Tra gli anni sessanta e settanta del secolo scorso i circa duemila abitanti di questa sessantina di atolli – per Londra “disabitati” – vennero deportati, letteralmente, per potervi installare una base militare britannica e statunitense (assai operativa all’epoca delle guerre in Iraq e Afghanistan). Operazione di sradicamento qualificato da Human Rights Watch come un “crimine contro l’umanità”. Né più né meno.
Ora le Chagos (spesso definite “l’ultima colonia d’Africa della Gran Bretagna”) sono ufficialmente mauriziane, come stabilito dalle Nazioni Unite in un “parere consultivo della corte di giustizia internazionale” e in una “risoluzione non vincolante dell’assemblea generale”, entrambi del 2019.
Ma non mancano “zone d’ombra”. Piuttosto fitta.
In primis, la famosa base militare sull’isola Diego Garcia, per quanto formalmente soggetta a Mauritius, rimarrà sotto il controllo di Londra almeno per un altro secolo (99 anni per la precisione). Poi si vedrà… sempre che per allora non sia stata sommersa dall’oceano.
E poi – ma questo ora come ora appare di secondaria importanza – il mancato coinvolgimento nella trattative della “diaspora”, ossia degli esuli chagossiani e dei loro discendenti: circa diecimila persone, gran parte dei quali vive attualmente nel Sussex e a Manchester.
La storia relativamente recente inizia nel 1814 quando la Francia le cedeva, insieme a Mauritius, alla Gran Bretagna. Diventate poi “Territorio britannico dell’Oceano Indiano” (||biot|) al momento dell’indipendenza di Mauritius nel 1968, dietro pagamento (imposto col ricatto) di tre milioni di dollari all’ex colonia.

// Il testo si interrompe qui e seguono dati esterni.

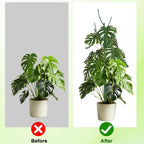 6 Pack Stackable Monstera Plant Support, Plant Stakes for Indoor and Outdoor Plants Use, Garden Stakes for Climbing and Potted Plants, Pothos, Philodendron
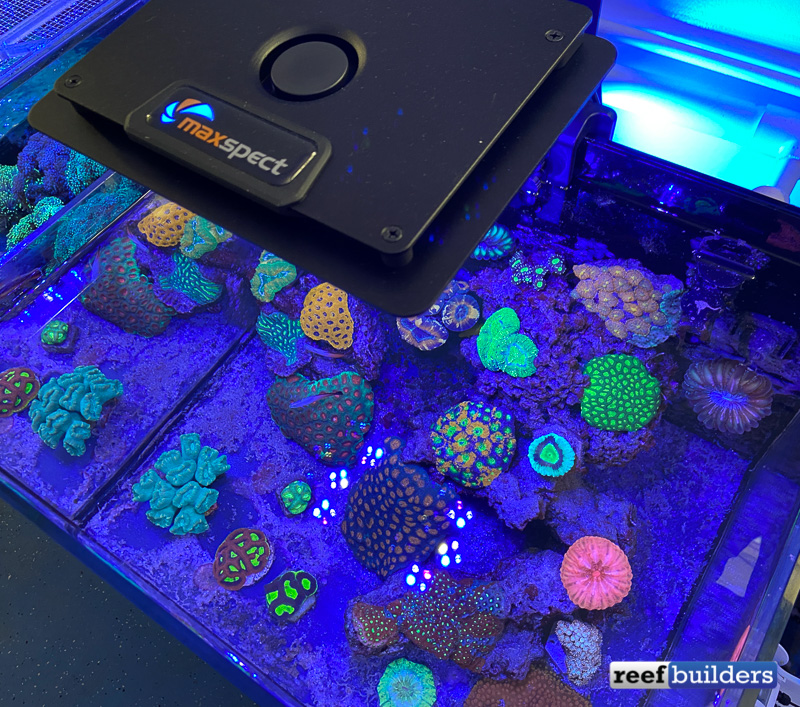 Maxspect Jump L 165 Led Strikes A Balance Of Features Power And Price Reef Builders The Reef And Saltwater Aquarium Blog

“E ora?”, si van chiedendo gli addetti ai lavori. Che sia la volta di Gibilterra, delle Malvinas, magari dell’Irlanda del Nord? Staremo a vedere. Certo che parlare di “decolonizzazione” e “indipendenza” appare un po’ azzardato (anche se dirlo da Vicenza, con l’ingombrante presenza di almeno cinque siti militari statunitensi – per quanto formalmente riuniti sotto la denominazione di base Ederle – lo è almeno altrettanto).
Da segnalare comunque che il portavoce del Chagos Refugees Group, Olivier Bancoult deportato all’età di quattro anni, ha dichiarato di “essersi sentito molto felice” alla notizia.